The decision of the Bank of England’s Monetary Policy Committee to increase rates by a quarter of a percentage point to 4.25 per cent was a further warning to borrowers who have racked up record levels of debt.

Two similar rises since November have failed to cool a boom in house prices and a rise in credit levels. Financial markets expect rates to reach more than five per cent by next year.

Unrest in the Gulf and the Middle East pushed oil prices to 13-year highs this week, with Brent crude rising above $37 a barrel at one stage in London yesterday.

Tony Blair voiced concern that increased oil prices could stifle economic recovery.

He said the Government was “looking carefully” at the increase, because higher oil prices could have a “severe” impact on the world economy. Motorists are braced for petrol prices to go even higher after a litre of unleaded moved beyond 80p last week.

The Treasury made clear last night that there were no plans to postpone a 1.42p a litre increase in petrol and diesel duty in line with inflation from Sept 1.

Mortgage lenders began to raise their lending rates immediately after the committee’s decision.

Abbey was the first major lender to pass on the increase, raising its standard variable rate from 6 per cent to 6.25 per cent. A £50,000 loan from Abbey, which holds 12 per cent of the mortgage market, will cost £10.41 more a month.

Cheltenham & Gloucester, which manages all Lloyds TSB mortgages, also raised its rate to 6.25 per cent. Other lenders said their rates were “under review”.

The internet bank Egg and Tesco Personal Finance passed on the full 0.25 per cent increase to their savers, although Egg said its mortgage rate was under review.

The rate rise was widely anticipated in the City following the Bank’s admission last month that increases in November and February had not yet had an effect on the wider economy.
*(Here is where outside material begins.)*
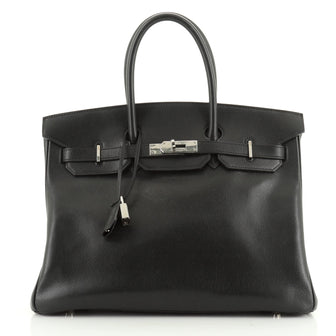 Hermes Birkin Handbag Black Veau Grain Lisse with Palladium Hardware 35
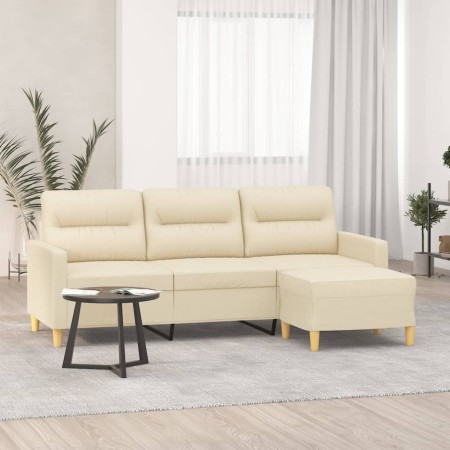 Sofá de 3 plazas con taburete de tela crema 180 cm de , Sofás - Ref: Foro24-3201075, Precio: 354,03 €, Descuento: %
The MPC said the rise was needed even though inflation remained low at 1.1 per cent.

In a statement accompanying the decision, it said: “Inflation has been below the two per cent target and is likely to remain so in the near term. But earnings growth has picked up and commodity prices have risen sharply.”

Mervyn King, the Bank’s governor, has urged consumers to think before taking on more debt. Some households are expected to suffer negative equity - where their mortgage exceeds the value of their property - as loan costs increase.

House prices are nevertheless expected to rise further this year. Halifax said this week that the annual rate of house price inflation last month was 19.1 per cent.

Mortgage lending rose by £9.34 billion in March. There was also a £963 million increase in credit card borrowing, leaving a collective £54.03 billion plastic debt.

i hope the housing market colapses that would be so much fun :p. ameen

Waleed.... what would you possibly gain by wishing THAT??
Sounds to me like sour-grapes from someone who didnt get their foot on the property ladder in time.
Oh dear, Oh dear, Oh dear!!!

Well said AnokhaUK

anokhauk unkil do u really think that at 19 i would want a house :p .

brit chick anty i hope ap mayaray sath bhi han main han milain ge.

all the same i hope the housing market colapses wil be fun to see the effects no?

The rates have gone up again today by another 1/4 point to 4.50%. This is bad news for home owners as repayments are going to go up. Will it cool the housing market. Remains to be seen.

UK interest rates rise to 4.75%](BBC NEWS | Business | Bank lifts interest rate to 4.75%)

**The Bank of England has raised interest rates by a quarter of a percentage point to 4.75%. **

The move, widely predicted by analysts, comes amid evidence of a surge in economic growth which could fuel inflation in the months ahead.

The rate rise will also be seen as an attempt to cool the UK’s booming property market, and rein in soaring consumer debt levels.

**The Bank has now pushed through five quarter-point rises in eight months. **

The latest increase means higher repayments for businesses and consumers who have borrowed money, including Britain’s millions of mortgage holders.

It also means that savers will get better returns on the money that they put aside.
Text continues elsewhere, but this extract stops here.